Lines from the one containing "White Transparent Polyester" through the final line of the records below are needed, copied exactly, with no pictures.

Image-caption web data
━━━━━━━━━━━━━━━━

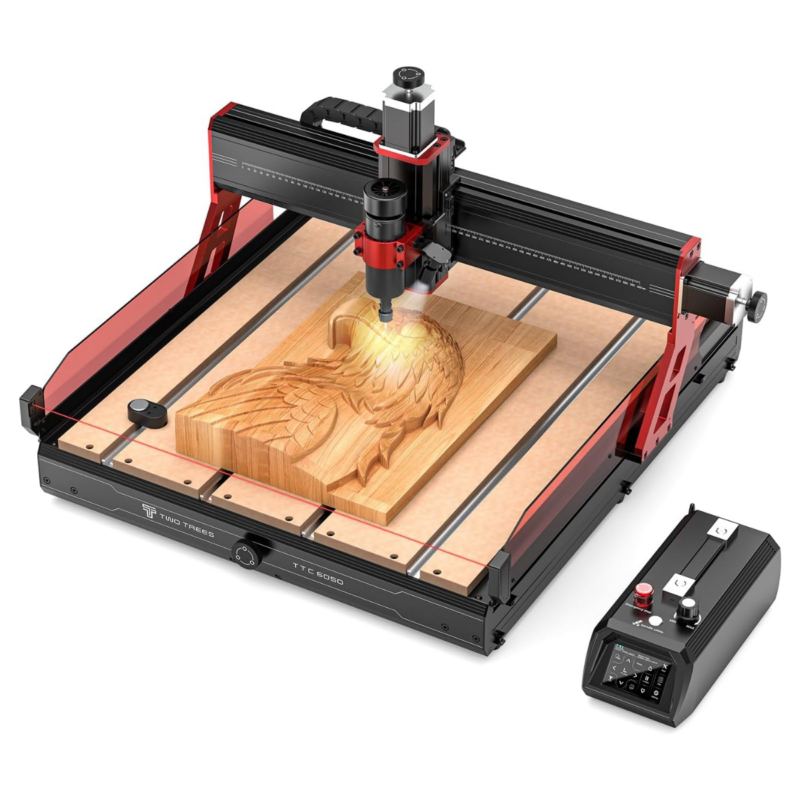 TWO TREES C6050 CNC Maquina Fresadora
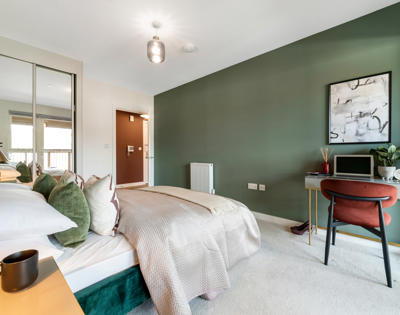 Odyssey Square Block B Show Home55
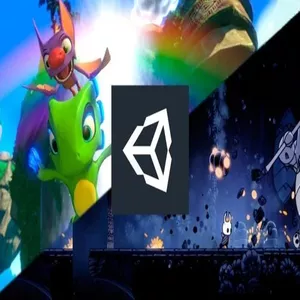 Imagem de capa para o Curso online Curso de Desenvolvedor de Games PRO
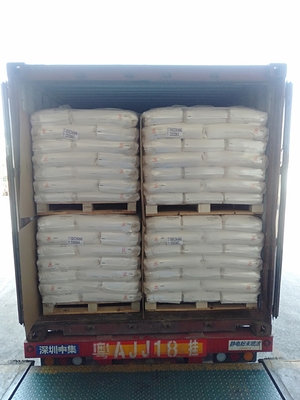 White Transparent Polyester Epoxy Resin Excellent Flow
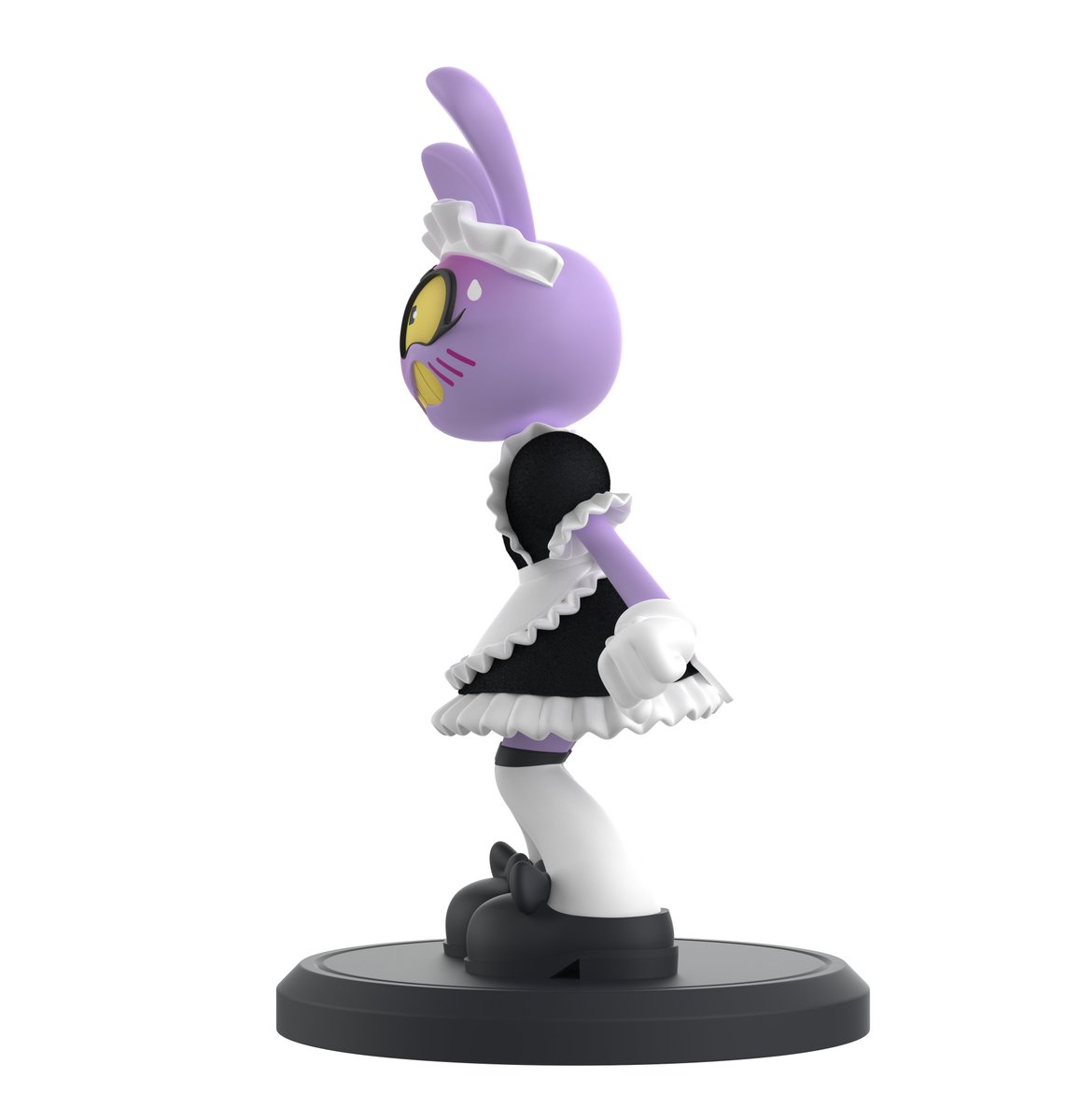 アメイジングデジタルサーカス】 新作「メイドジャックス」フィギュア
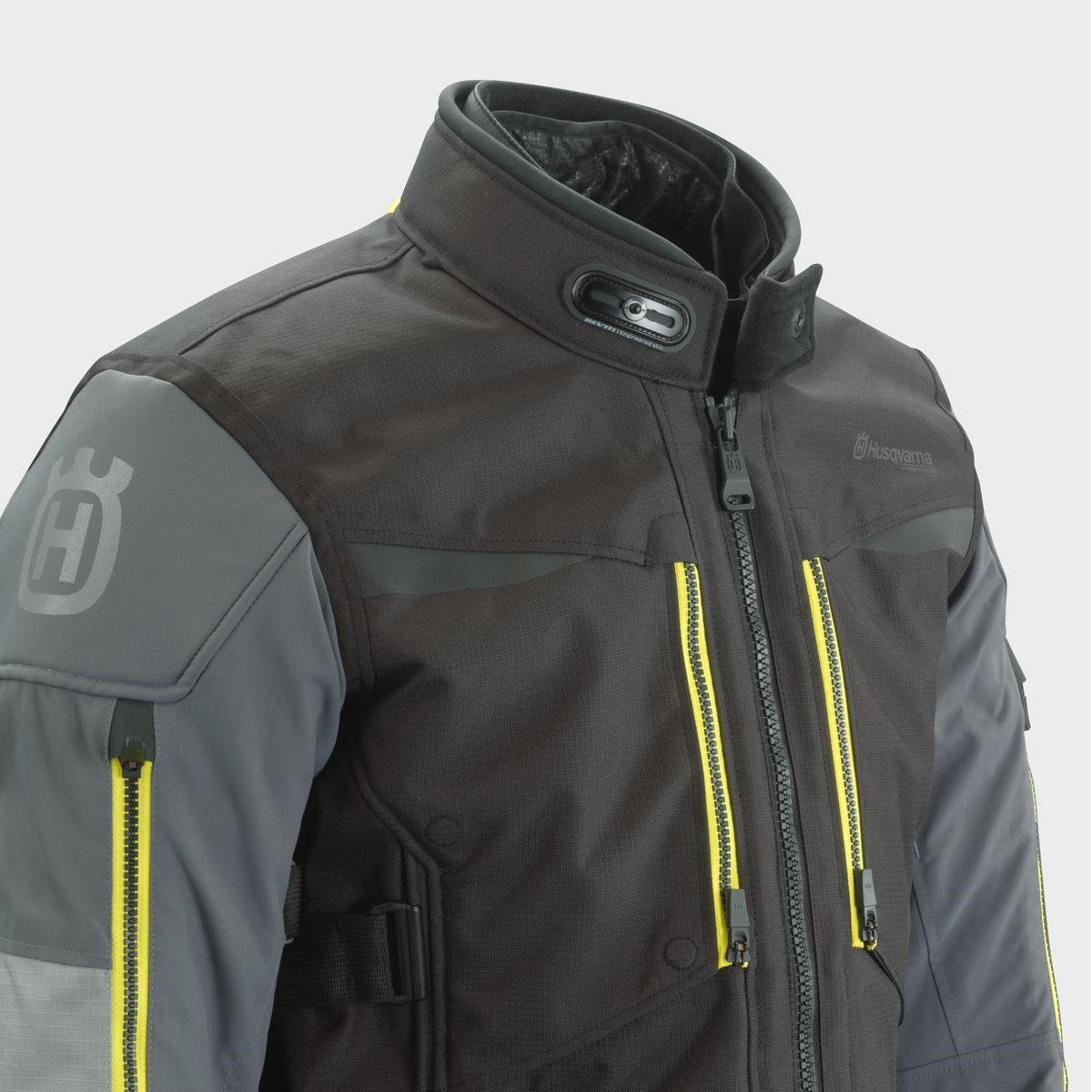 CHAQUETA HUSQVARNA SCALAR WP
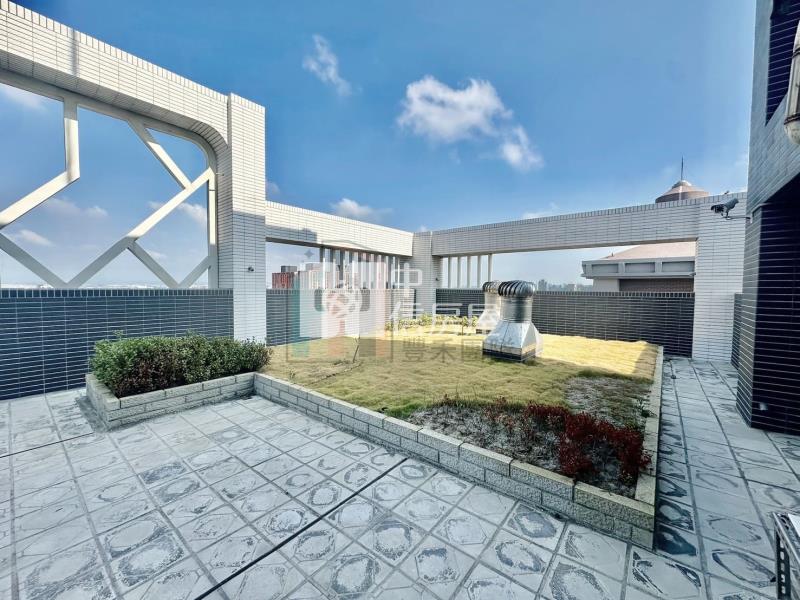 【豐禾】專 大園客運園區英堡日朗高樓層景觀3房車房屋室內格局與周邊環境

━━━━━━━━━━━━━━━━

Your solution =
 White Transparent Polyester Epoxy Resin Excellent Flow
 アメイジングデジタルサーカス】 新作「メイドジャックス」フィギュア
 CHAQUETA HUSQVARNA SCALAR WP
 【豐禾】專 大園客運園區英堡日朗高樓層景觀3房車房屋室內格局與周邊環境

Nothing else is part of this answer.